**AVAILABLE RECORDS**

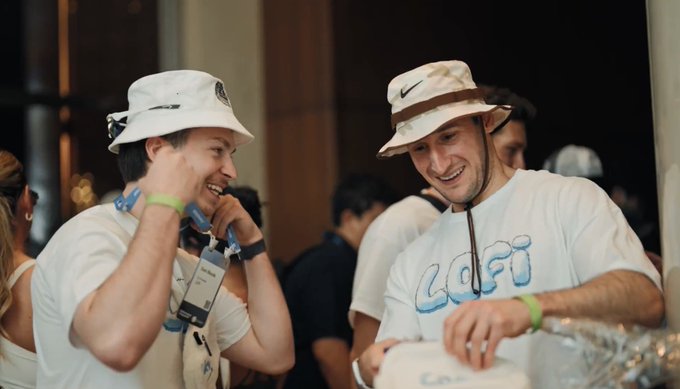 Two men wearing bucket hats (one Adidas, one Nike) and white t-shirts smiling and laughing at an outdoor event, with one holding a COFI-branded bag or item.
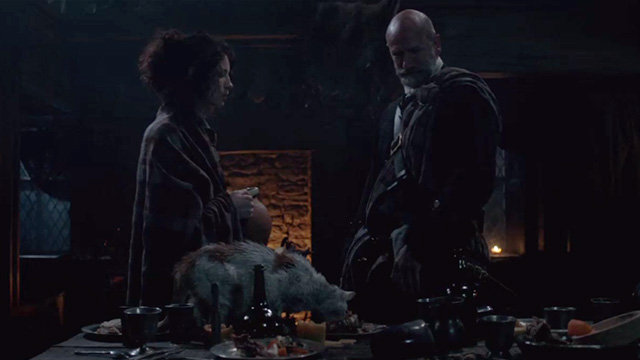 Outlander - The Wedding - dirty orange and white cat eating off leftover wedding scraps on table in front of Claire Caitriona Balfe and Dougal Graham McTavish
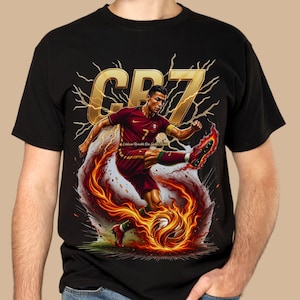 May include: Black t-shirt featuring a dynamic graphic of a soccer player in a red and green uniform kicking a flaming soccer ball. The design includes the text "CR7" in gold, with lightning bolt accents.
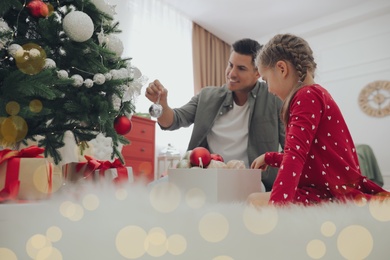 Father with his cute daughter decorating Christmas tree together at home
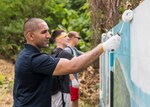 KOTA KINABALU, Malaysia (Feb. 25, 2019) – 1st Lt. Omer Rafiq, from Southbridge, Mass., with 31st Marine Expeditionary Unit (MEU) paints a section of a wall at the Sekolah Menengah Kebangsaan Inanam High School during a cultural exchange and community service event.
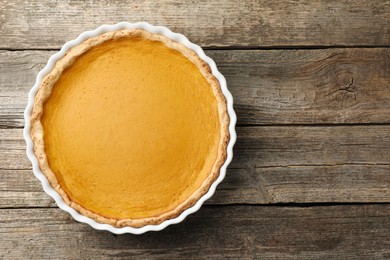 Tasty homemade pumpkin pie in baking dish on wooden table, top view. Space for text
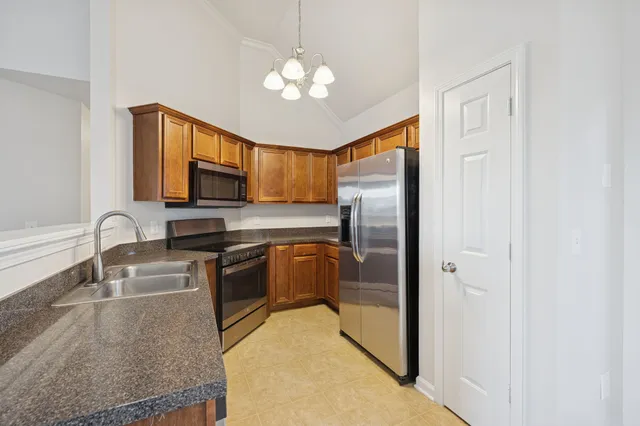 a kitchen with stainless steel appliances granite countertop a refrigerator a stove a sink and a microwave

--

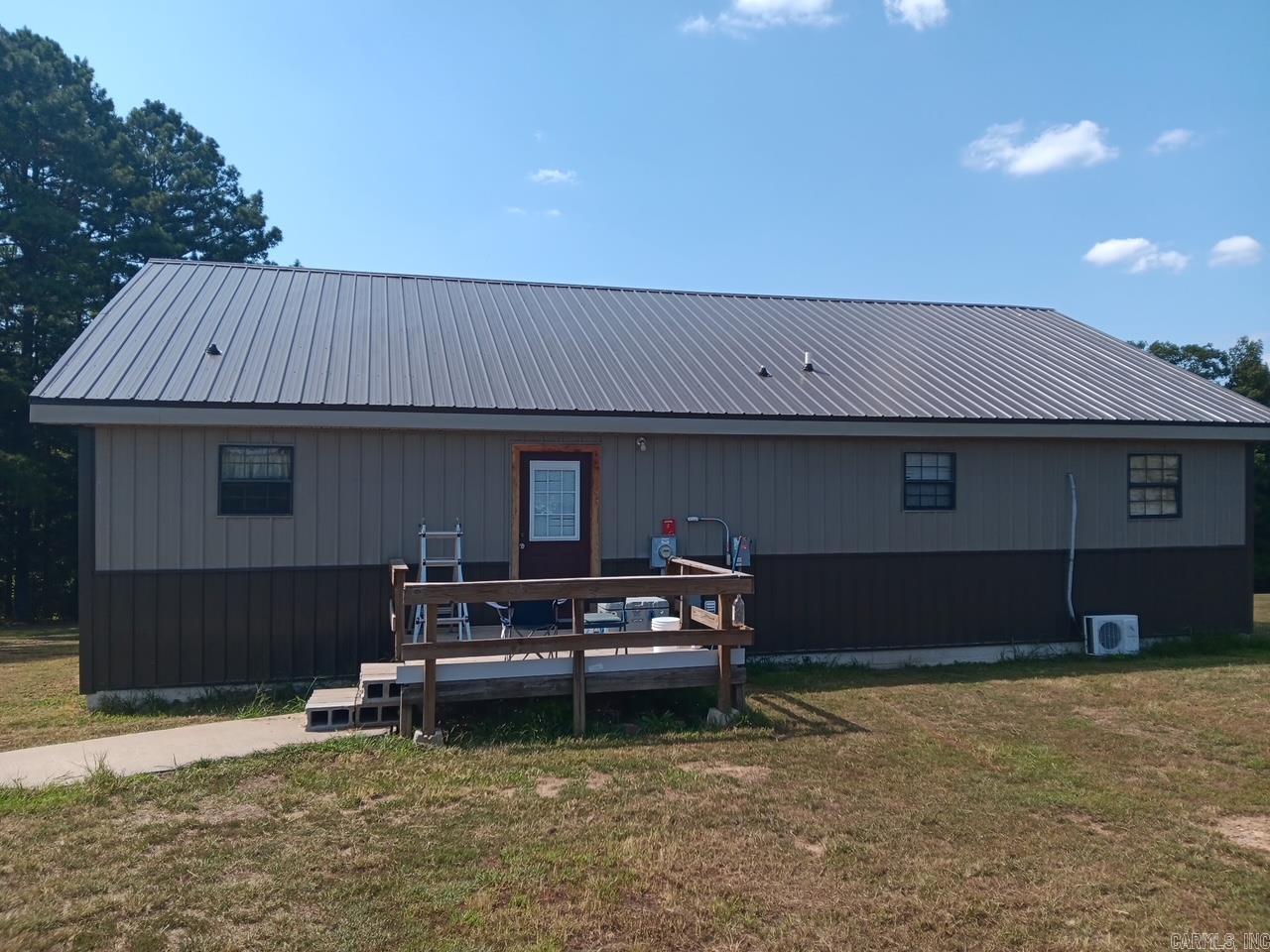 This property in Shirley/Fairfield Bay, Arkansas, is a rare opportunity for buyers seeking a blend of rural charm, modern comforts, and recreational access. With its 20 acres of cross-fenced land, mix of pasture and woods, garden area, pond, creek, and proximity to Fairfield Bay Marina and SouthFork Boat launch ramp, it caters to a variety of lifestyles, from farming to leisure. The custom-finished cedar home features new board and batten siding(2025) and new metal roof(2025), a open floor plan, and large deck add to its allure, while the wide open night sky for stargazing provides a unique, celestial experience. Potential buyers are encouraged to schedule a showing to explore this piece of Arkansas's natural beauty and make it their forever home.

**WHAT YOU ARE ASKED TO DO**
Please output the lines above beginning at the line with "Two men wearing" and ending after the line with "a kitchen with", precisely as written and with no pictures.

**SOLUTION FOR THIS TASK**
 Two men wearing bucket hats (one Adidas, one Nike) and white t-shirts smiling and laughing at an outdoor event, with one holding a COFI-branded bag or item.
 Outlander - The Wedding - dirty orange and white cat eating off leftover wedding scraps on table in front of Claire Caitriona Balfe and Dougal Graham McTavish
 May include: Black t-shirt featuring a dynamic graphic of a soccer player in a red and green uniform kicking a flaming soccer ball. The design includes the text "CR7" in gold, with lightning bolt accents.
 Father with his cute daughter decorating Christmas tree together at home
 KOTA KINABALU, Malaysia (Feb. 25, 2019) – 1st Lt. Omer Rafiq, from Southbridge, Mass., with 31st Marine Expeditionary Unit (MEU) paints a section of a wall at the Sekolah Menengah Kebangsaan Inanam High School during a cultural exchange and community service event.
 Tasty homemade pumpkin pie in baking dish on wooden table, top view. Space for text
 a kitchen with stainless steel appliances granite countertop a refrigerator a stove a sink and a microwave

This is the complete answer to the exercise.